Steiger (1980) pointed out that the sum of the squared elements of a correlation matrix, or the Fisher z score equivalents, is distributed as chi square under the null hypothesis that the values are zero (i.e., elements of the identity matrix). This is particularly useful for examining whether correlations in a single matrix differ from zero or for comparing two matrices. Jennrich (1970) also examined tests of differences between matrices.

Usage

cortest(R1,R2=NULL,n1=NULL,n2 = NULL, fisher = TRUE,cor=TRUE,method="pearson",
           use ="pairwise") #same as cortest.normal this does the steiger test
cortest.normal(R1, R2 = NULL, n1 = NULL, n2 = NULL, fisher = TRUE)      #the steiger test

cortest.jennrich(R1,R2,n1=NULL, n2=NULL) #the Jennrich test cortest.mat(R1,R2=NULL,n1=NULL,n2 = NULL) #an alternative test

Value

chi2

The chi square statistic

df

Degrees of freedom for the Chi Square

prob

The probability of observing the Chi Square under the null hypothesis.

Arguments

R1

A correlation matrix. (If R1 is not rectangular, and cor=TRUE, the correlations are found).

R2

A correlation matrix. If R2 is not rectangular, and cor=TRUE, the correlations are found. If R2 is NULL, then the test is just whether R1 is an identity matrix.

n1

Sample size of R1

n2

Sample size of R2

fisher

Fisher z transform the correlations?

cor

By default, if the input matrices are not symmetric, they are converted to correlation matrices. That is, they are treated as if they were the raw data. If cor=FALSE, then the input matrices are taken to be correlation matrices.

method

Which type of correlation to find ("pearson", "spearman","kendall")

use

How to handle missing data (defaults to pairwise)

Author

William Revelle

Details

There are several ways to test if a matrix is the identity matrix. The most well known is the chi square test of Bartlett (1951) and Box (1949). A very straightforward test, discussed by Steiger (1980) is to find the sum of the squared correlations or the sum of the squared Fisher transformed correlations. Under the null hypothesis that all the correlations are equal, this sum is distributed as chi square. This is implemented in cortest and cortest.normal

Yet another test, is the Jennrich(1970) test of the equality of two matrices. This compares the differences between two matrices to the averages of two matrices using a chi square test. This is implemented in cortest.jennrich.

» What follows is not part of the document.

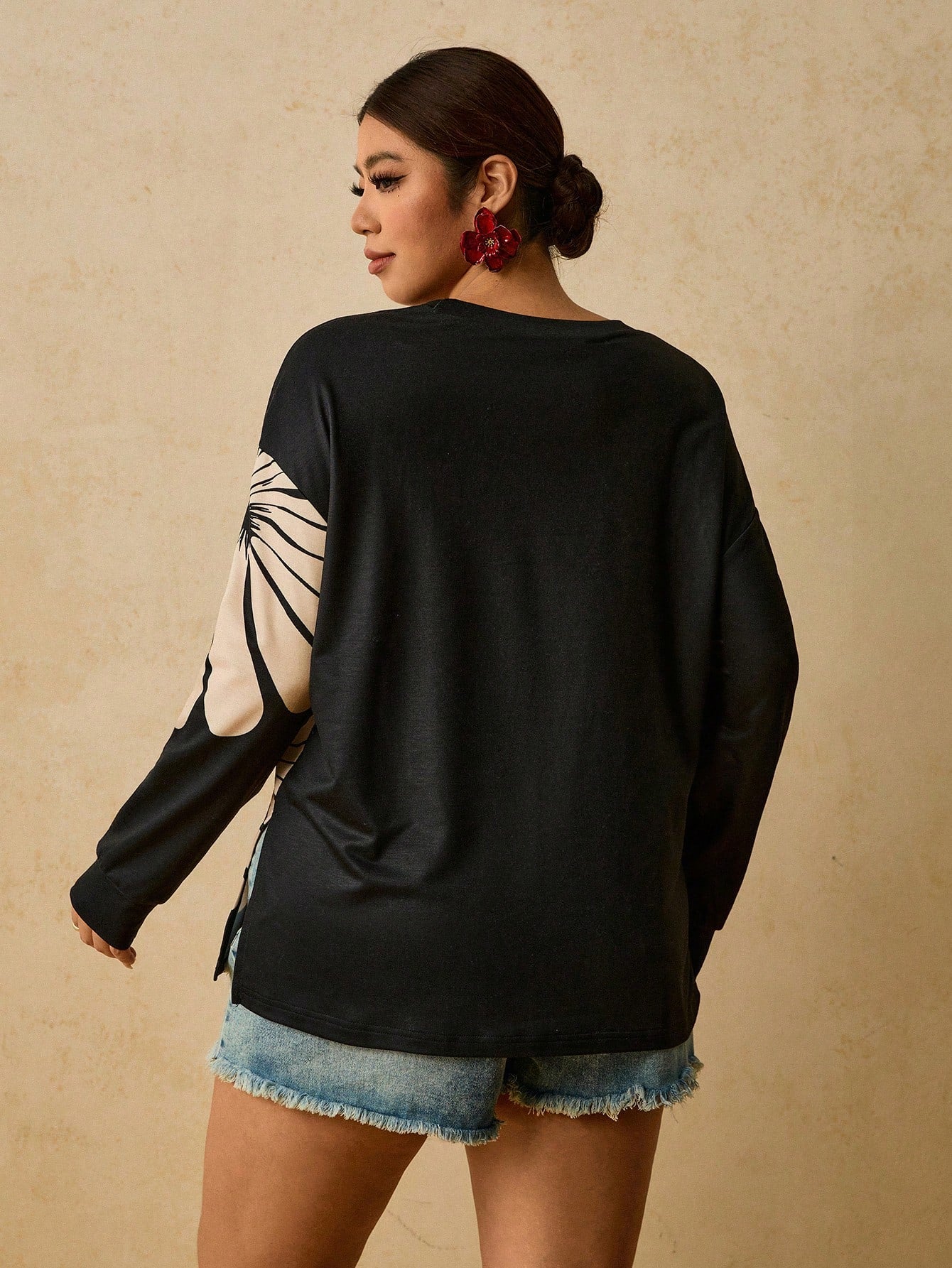 Travachic Plus Size Women's Black Casual Elegant Traditional Crew Neck Long Sleeve T-Shirt, Suitable For Autumn/Winter Formal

Yet another option cortest.mat is to compare the two matrices using an approach analogous to that used in evaluating the adequacy of a factor model. In factor analysis, the maximum likelihood fit statistic is
\(f = log(trace ((FF'+U2)^{-1} R) - log(|(FF'+U2)^{-1} R|) - n.items\).

This in turn is converted to a chi square

\(\chi^2 = (n.obs - 1 - (2 * p + 5)/6 - (2 * factors)/3)) * f \) (see fa.)

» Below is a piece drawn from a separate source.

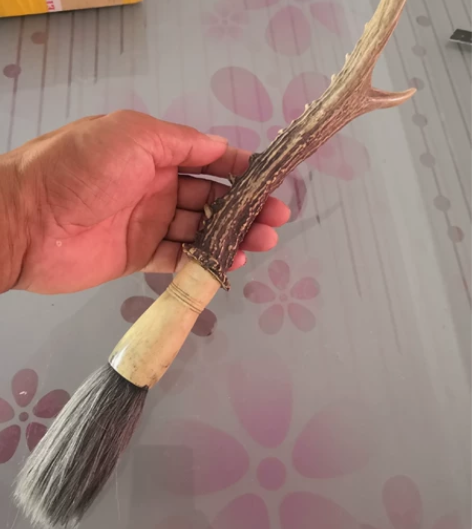 是毛笔      你自己看    需要你拿...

That is, the model (M = FF' + U2) is compared to the original correlation matrix (R) by a function of \(M^{-1} R\). By analogy, in the case of two matrices, A and B, cortest.mat finds the chi squares associated with \(A^{-1}B\) and \(A B^{-1}\). The sum of these two \(\chi^2\) will also be a \(\chi^2\) but with twice the degrees of freedom.

References

Steiger, James H. (1980) Testing pattern hypotheses on correlation matrices: alternative statistics and some empirical results. Multivariate Behavioral Research, 15, 335-352.

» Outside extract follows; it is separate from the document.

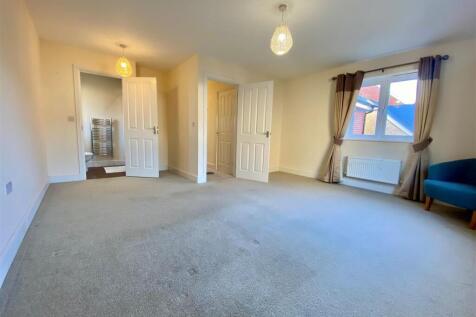 5 master suite.jpg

Jennrich, Robert I. (1970) An Asymptotic \(\chi^2\) Test for the Equality of Two Correlation Matrices. Journal of the American Statistical Association, 65, 904-912.

See Also

cortest.bartlett corr.test

Examples

Run this code
set.seed(42)
x <- matrix(rnorm(1000),ncol=10)
cortest.normal(x)  #just test if this matrix is an identity
#now create two correlation matrices that should be equal
x <- sim.congeneric(loads =c(.9,.8,.7,.6,.5),N=1000,short=FALSE)
y <- sim.congeneric(loads =c(.9,.8,.7,.6,.5),N=1000,short=FALSE)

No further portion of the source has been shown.